A direct attempt to define such an environment is to use the packages defined in NUR-Kapack. This is what the following Nix file describes.

env-first-attempt.nix

{ kapack ? import
    ( fetchTarball "https://github.com/oar-team/nur-kapack/archive/master.tar.gz")
  {}
}:

with kapack.pkgs;

let
  self = rec {
    experiment_env = mkShell rec {
      name = "experiment_env";
      buildInputs = [
        # simulator
        kapack.batsim
        # scheduler implementations
        kapack.batsched
        kapack.pybatsim
        # misc. tools to execute instances
        kapack.batexpe
      ];
    };
  };
in
  self.experiment_env

Assuming that the env-first-attempt.nix file is in your working directory, you can enter into the environment with the following command: nix-shell --pure ./env-first-attempt.nix. You should be able to call batsim, batsched, pybatsim and robin from inside this shell. The shell can be exited as usual (Ctrl+D, exit…).

While this shell perfectly works to use the latest release of the desired packages, it does not describe the desired versions well enough to be reproductible: If you use the same environment in the future, the versions may have changed.

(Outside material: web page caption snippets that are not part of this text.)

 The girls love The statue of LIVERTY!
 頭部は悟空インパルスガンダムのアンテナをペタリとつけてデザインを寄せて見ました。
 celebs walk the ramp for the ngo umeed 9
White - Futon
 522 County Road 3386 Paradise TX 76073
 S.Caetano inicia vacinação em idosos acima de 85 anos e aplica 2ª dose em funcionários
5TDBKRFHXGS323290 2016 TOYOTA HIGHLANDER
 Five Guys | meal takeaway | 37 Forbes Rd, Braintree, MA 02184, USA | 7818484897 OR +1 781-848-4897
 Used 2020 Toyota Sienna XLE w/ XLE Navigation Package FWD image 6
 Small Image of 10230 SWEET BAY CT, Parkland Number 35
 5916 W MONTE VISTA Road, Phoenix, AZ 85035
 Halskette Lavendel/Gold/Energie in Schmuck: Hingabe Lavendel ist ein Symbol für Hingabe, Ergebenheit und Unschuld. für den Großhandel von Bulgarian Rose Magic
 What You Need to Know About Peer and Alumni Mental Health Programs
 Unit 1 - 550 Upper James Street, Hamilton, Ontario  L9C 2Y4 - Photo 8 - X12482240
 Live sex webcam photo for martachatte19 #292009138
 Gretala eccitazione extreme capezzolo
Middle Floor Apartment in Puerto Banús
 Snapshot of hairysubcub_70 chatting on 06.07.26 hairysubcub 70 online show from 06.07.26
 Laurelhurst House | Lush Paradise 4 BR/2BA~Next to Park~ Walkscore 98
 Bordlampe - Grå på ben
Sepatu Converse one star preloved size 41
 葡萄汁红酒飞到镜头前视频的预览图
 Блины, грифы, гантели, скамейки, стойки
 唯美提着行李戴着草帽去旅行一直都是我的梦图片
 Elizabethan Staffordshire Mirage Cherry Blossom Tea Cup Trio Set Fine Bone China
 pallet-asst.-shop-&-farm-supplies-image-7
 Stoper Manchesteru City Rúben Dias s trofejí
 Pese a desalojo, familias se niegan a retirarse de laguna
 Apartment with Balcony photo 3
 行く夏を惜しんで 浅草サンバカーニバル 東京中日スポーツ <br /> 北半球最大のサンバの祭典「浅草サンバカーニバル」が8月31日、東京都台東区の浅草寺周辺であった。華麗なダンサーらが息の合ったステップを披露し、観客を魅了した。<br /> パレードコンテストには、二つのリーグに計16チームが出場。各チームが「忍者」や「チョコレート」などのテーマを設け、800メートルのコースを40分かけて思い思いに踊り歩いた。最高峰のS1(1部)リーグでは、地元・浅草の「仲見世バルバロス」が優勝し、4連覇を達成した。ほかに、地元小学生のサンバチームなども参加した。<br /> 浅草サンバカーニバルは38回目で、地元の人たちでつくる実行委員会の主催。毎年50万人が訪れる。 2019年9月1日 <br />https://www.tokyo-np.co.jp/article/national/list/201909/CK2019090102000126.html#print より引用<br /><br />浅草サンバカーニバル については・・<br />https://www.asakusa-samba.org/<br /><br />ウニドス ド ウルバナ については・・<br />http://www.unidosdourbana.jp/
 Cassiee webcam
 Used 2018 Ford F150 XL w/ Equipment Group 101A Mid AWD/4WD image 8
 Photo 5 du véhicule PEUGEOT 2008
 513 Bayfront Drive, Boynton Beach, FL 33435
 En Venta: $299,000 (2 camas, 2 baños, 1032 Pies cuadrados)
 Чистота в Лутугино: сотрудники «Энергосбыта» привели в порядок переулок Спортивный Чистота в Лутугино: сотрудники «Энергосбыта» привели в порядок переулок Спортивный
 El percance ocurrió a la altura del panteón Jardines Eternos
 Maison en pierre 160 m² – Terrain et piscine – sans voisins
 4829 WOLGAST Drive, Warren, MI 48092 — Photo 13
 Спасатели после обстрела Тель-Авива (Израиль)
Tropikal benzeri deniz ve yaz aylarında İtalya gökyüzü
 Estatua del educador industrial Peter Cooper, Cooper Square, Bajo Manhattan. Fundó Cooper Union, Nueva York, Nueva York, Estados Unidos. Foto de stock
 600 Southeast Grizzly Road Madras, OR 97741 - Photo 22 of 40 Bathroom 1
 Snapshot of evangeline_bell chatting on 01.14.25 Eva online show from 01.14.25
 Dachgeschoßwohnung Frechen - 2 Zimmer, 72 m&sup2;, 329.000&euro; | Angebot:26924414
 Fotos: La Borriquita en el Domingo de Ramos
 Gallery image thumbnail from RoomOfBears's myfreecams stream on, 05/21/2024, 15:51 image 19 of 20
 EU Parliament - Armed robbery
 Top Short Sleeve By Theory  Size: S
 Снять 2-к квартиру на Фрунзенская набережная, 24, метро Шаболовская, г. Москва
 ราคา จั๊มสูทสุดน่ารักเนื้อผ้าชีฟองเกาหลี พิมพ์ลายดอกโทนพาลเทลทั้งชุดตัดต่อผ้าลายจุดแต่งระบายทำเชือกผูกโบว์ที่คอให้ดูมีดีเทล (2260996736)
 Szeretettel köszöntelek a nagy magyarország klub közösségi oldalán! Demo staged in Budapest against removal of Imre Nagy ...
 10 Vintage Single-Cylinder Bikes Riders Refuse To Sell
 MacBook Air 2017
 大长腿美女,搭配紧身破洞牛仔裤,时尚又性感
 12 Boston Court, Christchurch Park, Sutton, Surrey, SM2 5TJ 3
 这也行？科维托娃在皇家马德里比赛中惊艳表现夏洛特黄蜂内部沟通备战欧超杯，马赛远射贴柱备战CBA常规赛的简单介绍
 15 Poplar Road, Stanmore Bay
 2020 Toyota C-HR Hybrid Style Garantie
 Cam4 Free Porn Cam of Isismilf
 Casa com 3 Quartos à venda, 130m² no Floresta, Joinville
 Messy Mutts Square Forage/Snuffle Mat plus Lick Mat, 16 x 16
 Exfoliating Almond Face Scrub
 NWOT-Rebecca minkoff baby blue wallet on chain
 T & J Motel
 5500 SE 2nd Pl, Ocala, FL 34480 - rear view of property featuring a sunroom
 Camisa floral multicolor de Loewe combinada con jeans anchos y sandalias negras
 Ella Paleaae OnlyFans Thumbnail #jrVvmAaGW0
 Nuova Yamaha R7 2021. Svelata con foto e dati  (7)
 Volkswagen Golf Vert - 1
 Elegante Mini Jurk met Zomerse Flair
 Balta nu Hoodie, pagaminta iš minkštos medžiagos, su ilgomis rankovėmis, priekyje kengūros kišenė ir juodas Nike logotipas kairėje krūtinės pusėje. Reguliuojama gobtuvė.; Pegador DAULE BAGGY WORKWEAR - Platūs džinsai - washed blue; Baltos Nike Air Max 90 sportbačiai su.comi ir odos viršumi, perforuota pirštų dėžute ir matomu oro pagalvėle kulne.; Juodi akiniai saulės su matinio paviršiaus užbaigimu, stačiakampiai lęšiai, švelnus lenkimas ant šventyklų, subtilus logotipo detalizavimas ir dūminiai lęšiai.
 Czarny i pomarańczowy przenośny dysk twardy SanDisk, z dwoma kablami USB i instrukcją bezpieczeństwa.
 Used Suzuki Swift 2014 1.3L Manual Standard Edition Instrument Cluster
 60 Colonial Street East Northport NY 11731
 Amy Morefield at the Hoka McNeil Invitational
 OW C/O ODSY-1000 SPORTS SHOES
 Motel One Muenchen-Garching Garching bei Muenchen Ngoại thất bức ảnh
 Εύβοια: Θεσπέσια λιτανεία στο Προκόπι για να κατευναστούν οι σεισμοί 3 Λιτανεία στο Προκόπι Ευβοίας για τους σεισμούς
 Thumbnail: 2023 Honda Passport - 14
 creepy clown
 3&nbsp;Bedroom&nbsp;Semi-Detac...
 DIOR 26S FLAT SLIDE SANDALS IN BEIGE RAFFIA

Pinning the package repository

A first step to improve our setup is to use a specific pinned version of NUR-Kapack (the repository that contains package definitions) instead of its master branch.

env-pin-pkgs-repo.nix

{ kapack ? import
    ( fetchTarball "https://github.com/oar-team/nur-kapack/archive/1672831224a21d6c34350d8f78cff9266e3e28a2.tar.gz")
  {}
}:

with kapack.pkgs;

let
  self = rec {
    experiment_env = mkShell rec {
      name = "experiment_env";
      buildInputs = [
        # simulator
        kapack.batsim
        # scheduler implementations
        kapack.batsched
        kapack.pybatsim
        # misc. tools to execute instances
        kapack.batexpe
      ];
    };
  };
in
  self.experiment_env

The env-pin-pkgs-repo.nix file is exactly the same as the previous one but about its kapack import definition: Kapack’s commit 1672831 is used instead of the master branch. This makes sure that the versions of the desired packages (batsim, batsched…) will not change.

Warning

This is not true if you use the -master variant of a package!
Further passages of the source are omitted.